» INFORMATION SHOWN

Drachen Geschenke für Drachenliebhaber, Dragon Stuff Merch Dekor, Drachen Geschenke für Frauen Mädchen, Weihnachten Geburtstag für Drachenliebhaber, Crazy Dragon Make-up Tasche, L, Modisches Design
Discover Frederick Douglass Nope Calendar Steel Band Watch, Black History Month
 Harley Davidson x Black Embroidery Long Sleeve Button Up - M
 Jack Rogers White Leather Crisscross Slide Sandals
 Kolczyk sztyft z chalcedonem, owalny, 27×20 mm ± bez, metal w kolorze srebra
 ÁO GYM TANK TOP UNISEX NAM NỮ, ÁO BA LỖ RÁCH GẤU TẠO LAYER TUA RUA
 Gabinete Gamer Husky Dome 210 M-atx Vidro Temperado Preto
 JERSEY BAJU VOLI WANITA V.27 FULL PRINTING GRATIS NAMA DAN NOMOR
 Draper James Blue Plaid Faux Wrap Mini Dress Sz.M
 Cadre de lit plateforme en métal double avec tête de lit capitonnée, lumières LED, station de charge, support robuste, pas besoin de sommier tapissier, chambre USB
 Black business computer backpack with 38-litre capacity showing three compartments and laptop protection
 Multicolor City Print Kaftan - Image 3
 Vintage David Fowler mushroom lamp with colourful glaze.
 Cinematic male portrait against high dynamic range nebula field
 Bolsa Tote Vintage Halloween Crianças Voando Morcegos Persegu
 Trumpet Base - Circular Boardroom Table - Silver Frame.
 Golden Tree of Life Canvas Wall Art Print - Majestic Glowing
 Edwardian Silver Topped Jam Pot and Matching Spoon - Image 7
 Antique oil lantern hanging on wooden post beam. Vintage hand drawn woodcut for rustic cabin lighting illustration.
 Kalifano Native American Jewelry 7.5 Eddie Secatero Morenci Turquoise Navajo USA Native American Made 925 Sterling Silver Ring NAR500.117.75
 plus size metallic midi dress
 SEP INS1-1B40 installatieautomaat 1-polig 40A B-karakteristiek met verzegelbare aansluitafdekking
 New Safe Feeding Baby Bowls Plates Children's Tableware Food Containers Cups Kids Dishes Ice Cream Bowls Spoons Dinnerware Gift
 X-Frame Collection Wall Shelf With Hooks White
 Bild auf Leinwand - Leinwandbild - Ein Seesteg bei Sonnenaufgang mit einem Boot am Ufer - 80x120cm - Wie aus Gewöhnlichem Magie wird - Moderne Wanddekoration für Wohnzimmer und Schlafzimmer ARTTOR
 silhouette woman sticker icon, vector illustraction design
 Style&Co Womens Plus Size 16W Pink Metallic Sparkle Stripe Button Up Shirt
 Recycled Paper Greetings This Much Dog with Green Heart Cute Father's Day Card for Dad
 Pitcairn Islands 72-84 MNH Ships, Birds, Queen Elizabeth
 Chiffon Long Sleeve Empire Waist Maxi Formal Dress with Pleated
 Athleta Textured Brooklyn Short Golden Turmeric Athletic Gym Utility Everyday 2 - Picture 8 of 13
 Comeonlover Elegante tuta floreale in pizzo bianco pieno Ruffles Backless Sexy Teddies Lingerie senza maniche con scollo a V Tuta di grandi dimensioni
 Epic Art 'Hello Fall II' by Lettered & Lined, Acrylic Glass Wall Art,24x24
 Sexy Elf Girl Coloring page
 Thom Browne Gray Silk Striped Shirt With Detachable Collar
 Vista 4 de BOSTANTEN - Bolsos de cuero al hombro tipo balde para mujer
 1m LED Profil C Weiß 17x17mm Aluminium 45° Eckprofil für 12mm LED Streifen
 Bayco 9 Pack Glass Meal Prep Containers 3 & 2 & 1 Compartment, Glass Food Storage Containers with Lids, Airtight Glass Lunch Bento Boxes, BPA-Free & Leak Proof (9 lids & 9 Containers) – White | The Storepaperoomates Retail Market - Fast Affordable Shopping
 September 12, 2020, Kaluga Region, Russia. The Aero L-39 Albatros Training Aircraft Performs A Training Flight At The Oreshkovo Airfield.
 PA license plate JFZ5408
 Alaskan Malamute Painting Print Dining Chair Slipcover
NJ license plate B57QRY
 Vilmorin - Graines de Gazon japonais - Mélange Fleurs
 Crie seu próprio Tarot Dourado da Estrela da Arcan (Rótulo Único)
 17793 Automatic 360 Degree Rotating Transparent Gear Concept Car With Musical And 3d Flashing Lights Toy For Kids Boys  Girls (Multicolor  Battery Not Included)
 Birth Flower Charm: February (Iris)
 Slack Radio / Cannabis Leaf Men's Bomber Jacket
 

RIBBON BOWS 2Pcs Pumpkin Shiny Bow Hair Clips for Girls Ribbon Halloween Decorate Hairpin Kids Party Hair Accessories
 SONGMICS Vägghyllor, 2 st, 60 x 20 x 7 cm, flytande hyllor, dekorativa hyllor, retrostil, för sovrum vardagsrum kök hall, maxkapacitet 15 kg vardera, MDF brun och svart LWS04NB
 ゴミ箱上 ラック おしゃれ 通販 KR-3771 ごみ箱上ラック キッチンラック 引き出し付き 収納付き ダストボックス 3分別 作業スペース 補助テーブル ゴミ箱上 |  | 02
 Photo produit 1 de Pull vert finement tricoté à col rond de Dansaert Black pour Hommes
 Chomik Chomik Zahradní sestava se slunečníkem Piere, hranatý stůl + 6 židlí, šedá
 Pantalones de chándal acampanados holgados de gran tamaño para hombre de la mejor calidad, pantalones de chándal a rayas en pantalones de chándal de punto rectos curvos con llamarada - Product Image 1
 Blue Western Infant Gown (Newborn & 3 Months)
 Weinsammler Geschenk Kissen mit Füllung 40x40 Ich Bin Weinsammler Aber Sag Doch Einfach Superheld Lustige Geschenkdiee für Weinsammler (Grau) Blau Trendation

» EXERCISE DESCRIPTION
All that belongs in your answer is the stretch of entries above from the line with "Sexy Elf Girl Coloring page" through the line with "1m LED Profil", printed exactly.

» RESULT OF THE TASK
 Sexy Elf Girl Coloring page
 Thom Browne Gray Silk Striped Shirt With Detachable Collar
 Vista 4 de BOSTANTEN - Bolsos de cuero al hombro tipo balde para mujer
 1m LED Profil C Weiß 17x17mm Aluminium 45° Eckprofil für 12mm LED Streifen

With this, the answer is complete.